Lets increase the number of people, size of the room and iterations in our simulation. This new simulation takes about 1 minute

In [5]:
start.time <- Sys.time()
x_length=100
y_length=100
num_people=1000
max_iterations=100
result <- foreach (i =1:max_iterations) %do%
{
    mini_result=perform_room_simulation(x_length=x_length,y_length=y_length,num_people=num_people)
    mini_result=unlist(mini_result)
    mini_result_pre=mini_result
    num_violates=length(mini_result[mini_result <6]) #number of violations of social distancing 
    average_violations_per_person=num_violates/num_people
    
    
}
result=unlist(result)
end.time <- Sys.time()
time.taken <- end.time - start.time
time_taken=time.taken
cat("Finished simulation",time_taken,"\n")

Finished simulation 37.03234 


In [6]:
cat ("Simulation Mean: ",mean(result),"\n")
cat("Simulation Standard Deviation: ", sd(result))

Simulation Mean:  5.36624 
Simulation Standard Deviation:  0.08609193

As expected, both the mean and variance have changed.
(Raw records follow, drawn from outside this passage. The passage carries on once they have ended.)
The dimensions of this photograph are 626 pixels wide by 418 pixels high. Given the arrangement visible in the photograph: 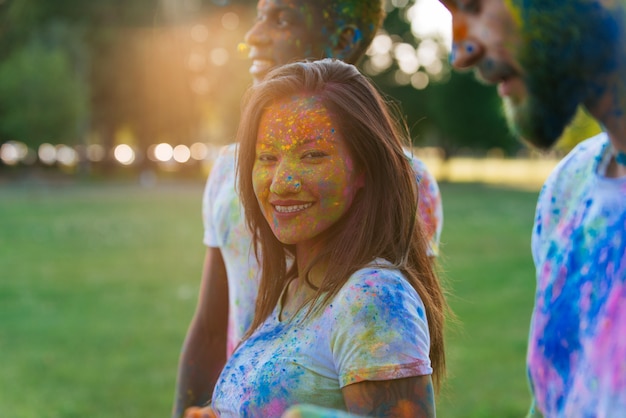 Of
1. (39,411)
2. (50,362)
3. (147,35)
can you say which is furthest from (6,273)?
(147,35)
There are now about 5.4 violations per person.

To help scale, we will take advantage of parallel processing. 

In [7]:
#do it in parallel
start.time <- Sys.time()
x_length=100
y_length=100
num_people=1000
max_iterations=100
result <- foreach (i =1:max_iterations) %dopar% #parallize each iteraction
{
    mini_result=perform_room_simulation(x_length=x_length,y_length=y_length,num_people=num_people)
    mini_result=unlist(mini_result)
    mini_result_pre=mini_result
    num_violates=length(mini_result[mini_result <6])
    average_violations_per_person=num_violates/num_people
    
    
}
result=unlist(result)
end.time <- Sys.time()
time.taken <- end.time - start.time
time_taken=time.taken
cat("Finished simulation",time_taken,"\n")


Finished simulation 2.928248 


In [8]:
cat ("Simulation Mean: ",mean(result),"\n")
cat("Simulation Standard Deviation: ", sd(result))

Simulation Mean:  5.36654 
Simulation Standard Deviation:  0.08450526

## Conclusion

The parallelized version of this simulation took ~2.5 seconds, while the non-parallized version took about ~35 seconds; a 14 fold improvement. Note that your specific results may differ depending on the size of the instance you are running.